Baked Eggs with Leeks and Mushrooms (Food and Drink ~ Sheet Pan Suppers by Molly Gilbert)

This recipe is a BLD* (Breakfast Lunch or Dinner) one, for sure!* And, how nice to just put everything on a sheet pan, and put it in the oven - 'specially on a busy Sunday morning or when you have guests*.
"Enjoy this dish hot from the oven, with crusty bread to soak up the runny yolks. For firmer yolks and whites, leave the eggs on the rimmed baking sheet for 4-5 min. before serving."
(serves 4-6)

3 T. EVOO (Extra Virgin Olive Oil), plus more for baking sheet
8 oz. sliced cremini mushrooms (about 3 cups)
2 large leeks, sliced thinly into half-moons, rinsed WELL*, and drained (about 4 cups)
About 1/2 t. each kosher salt and freshly* ground black pepper (white pepper contains Gluten*)
11 t. fresh lemon* or lime* thyme leaves (I grow both of them plus lavender thyme on my farm*)
8 eggs
1/4 cup crumbled fresh goat cheese (you can use herbed goat cheese*)

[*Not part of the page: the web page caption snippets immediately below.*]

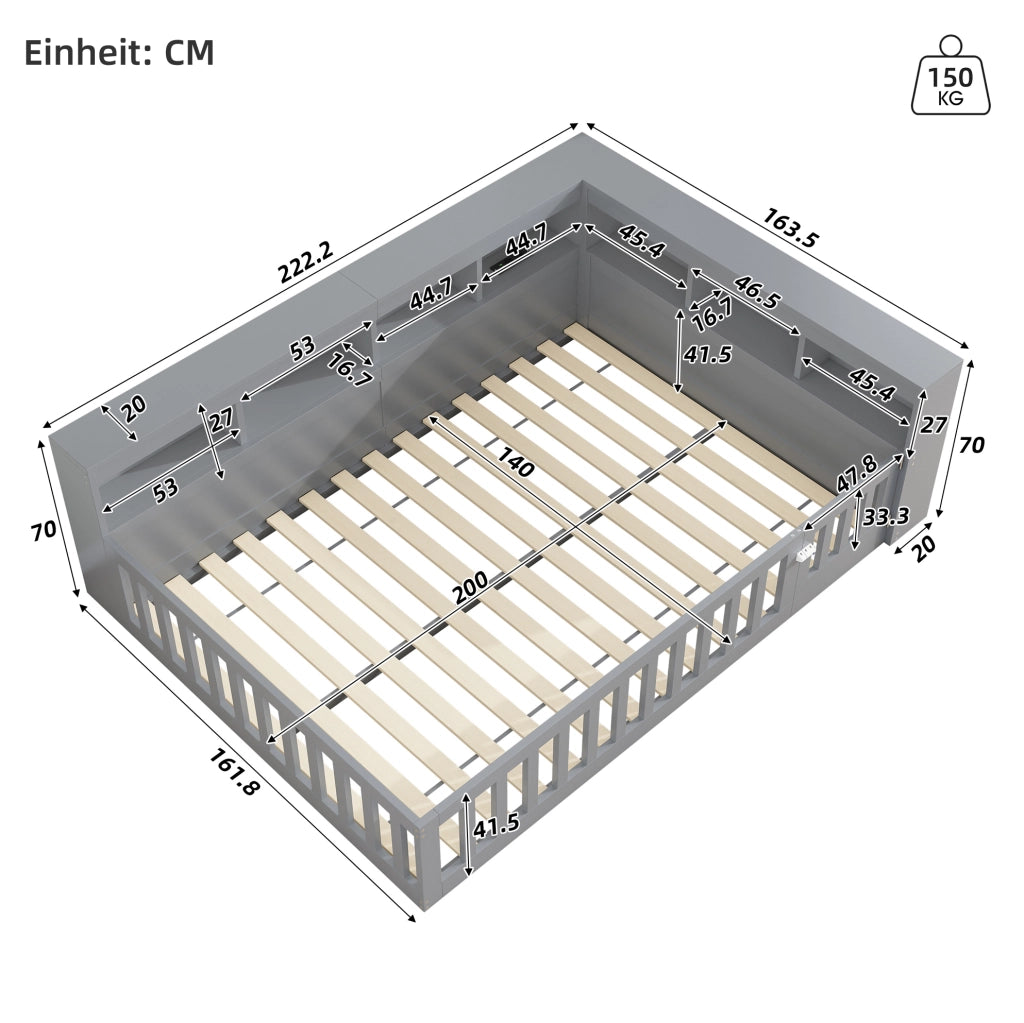 Daybed 140x200 cm con vano laterale, rete a doghe e presa USB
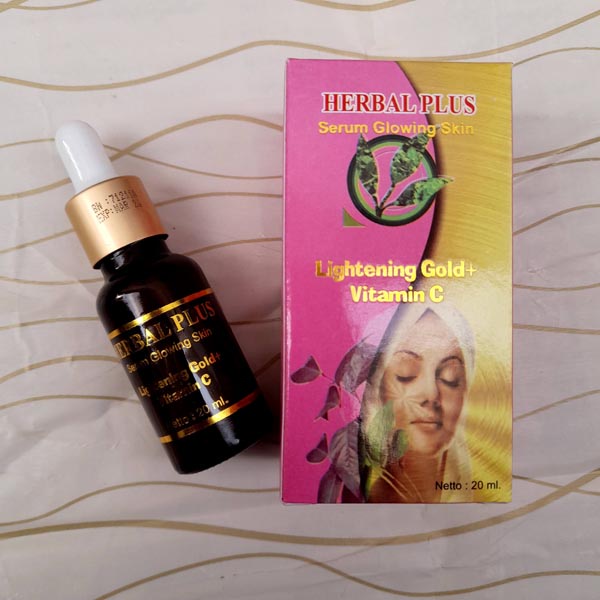 [20ML] [BPOM] HERBAL PLUS Serum Glowing Skin Lightening Gold + Vitamin C 20ml | Serum Mencerahkan_Cerianti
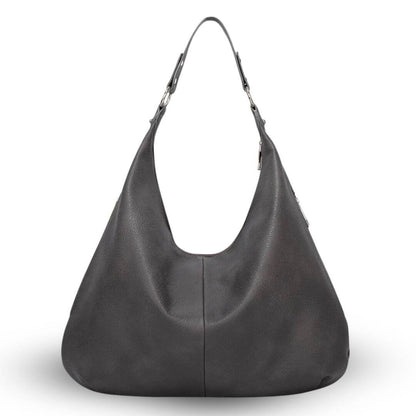 Chantal vegan leren tas, elegante schoudertas dames in grijs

Preheat oven to 400 with rack in the center. Line a 12x17 inch rimmed baking sheet with parchment paper and coat lightly with oil. Put mushrooms and leeks on baking sheet. Sprinkle with oil, 1/2 t. each S&P*, and the thyme, and toss to coat. Spread veggies* in an even layer. Bake until softened and starting to brown, about 10 min.*  Remove baking sheet from oven but leave oven on. Make 8 evenly spaced hollows in veggies, and crack an egg into each. Sprinkle with goat cheese and S&P, to taste. Return baking sheet to oven and bake until egg whites are set but shiny and yolks are still runny, 8-10 min; jiggle baking sheet to check softness of yolks.

"Praise God from whom all blessing flow".